- [Records shown]:
# # # #

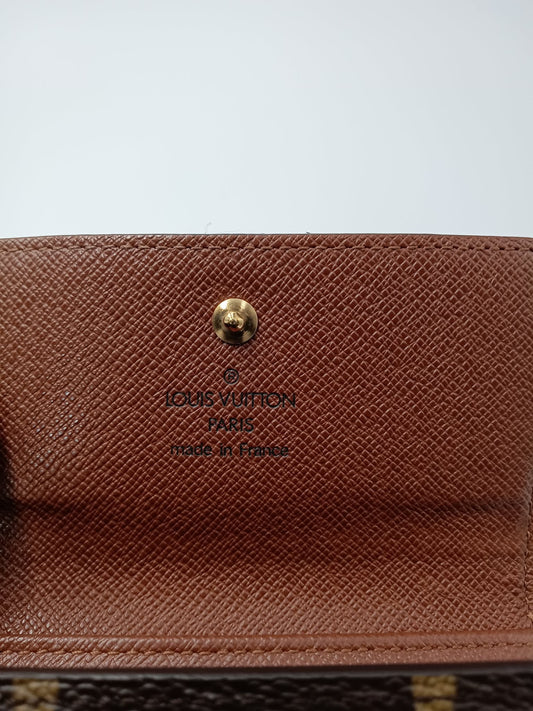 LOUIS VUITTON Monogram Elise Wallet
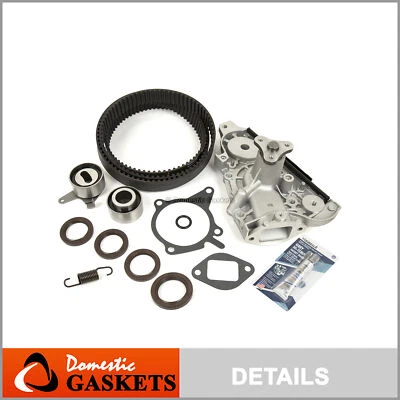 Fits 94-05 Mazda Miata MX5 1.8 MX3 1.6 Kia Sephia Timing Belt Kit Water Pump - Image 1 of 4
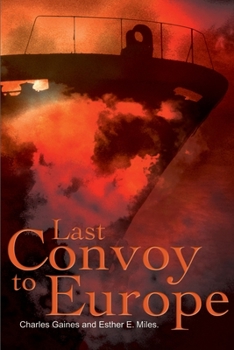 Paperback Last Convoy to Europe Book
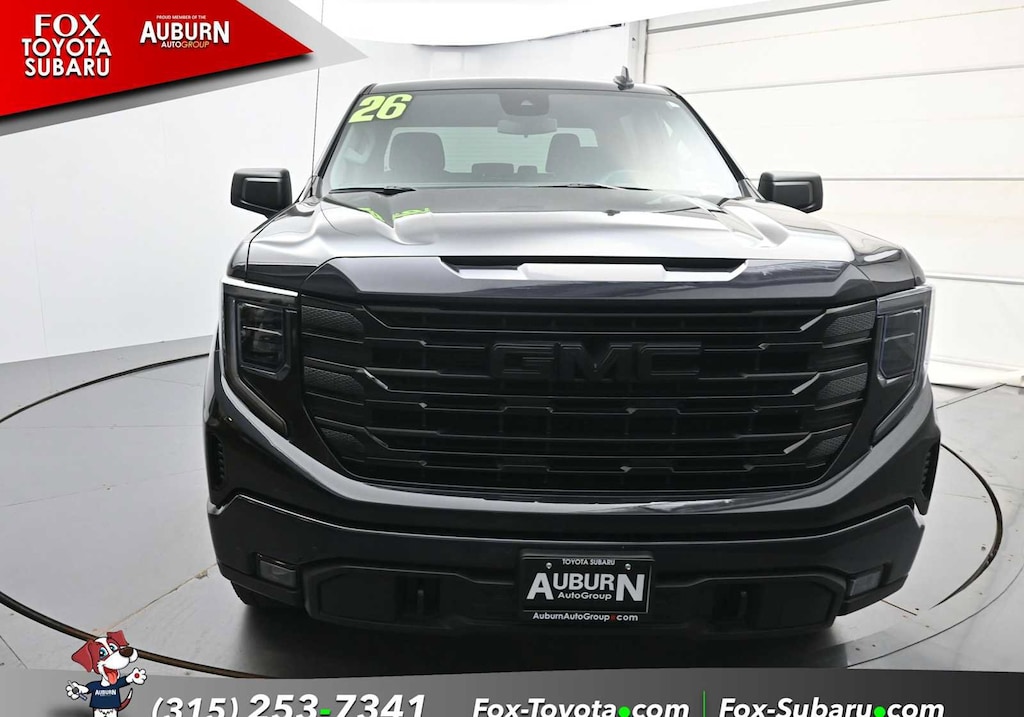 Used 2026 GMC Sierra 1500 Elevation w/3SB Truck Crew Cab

# # # #

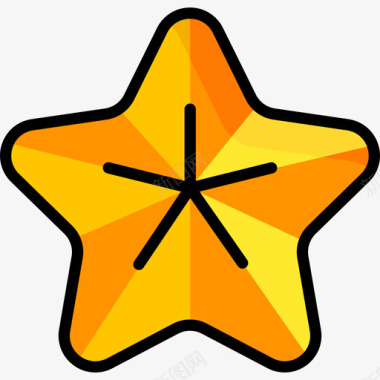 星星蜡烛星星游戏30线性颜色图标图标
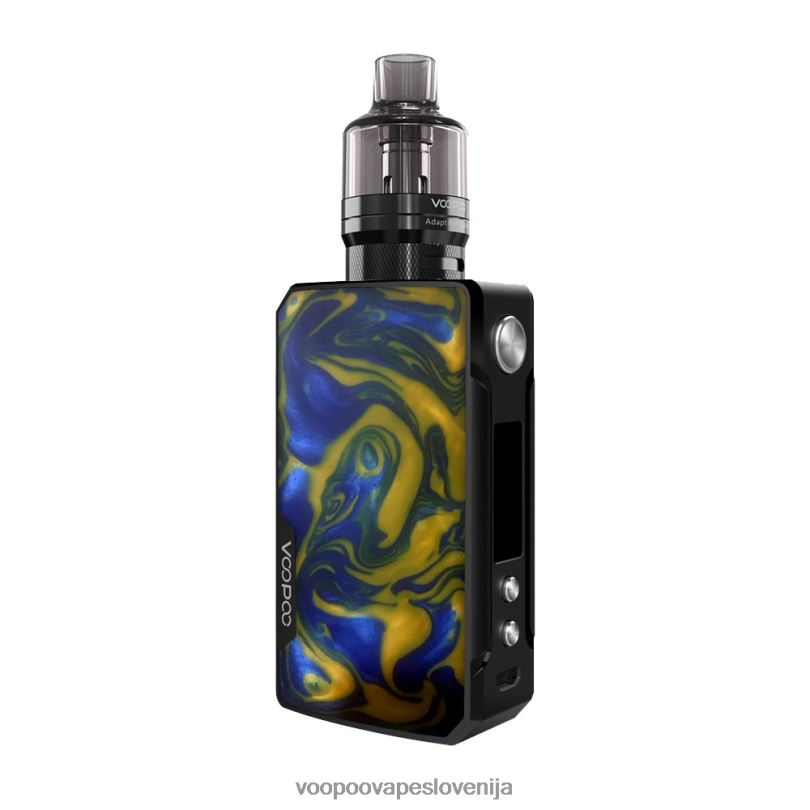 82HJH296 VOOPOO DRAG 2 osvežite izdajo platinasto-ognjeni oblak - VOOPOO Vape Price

# # # #

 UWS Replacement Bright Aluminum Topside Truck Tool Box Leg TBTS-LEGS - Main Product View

# # # #

- [Task to complete]: Transcribe only the lines above that start at the line containing "Paperback Last Convoy to Europe Book" and end at the line containing "Used 2026 GMC". Omit pictures.

- [Exercise solution]:
 Paperback Last Convoy to Europe Book
 Used 2026 GMC Sierra 1500 Elevation w/3SB Truck Crew Cab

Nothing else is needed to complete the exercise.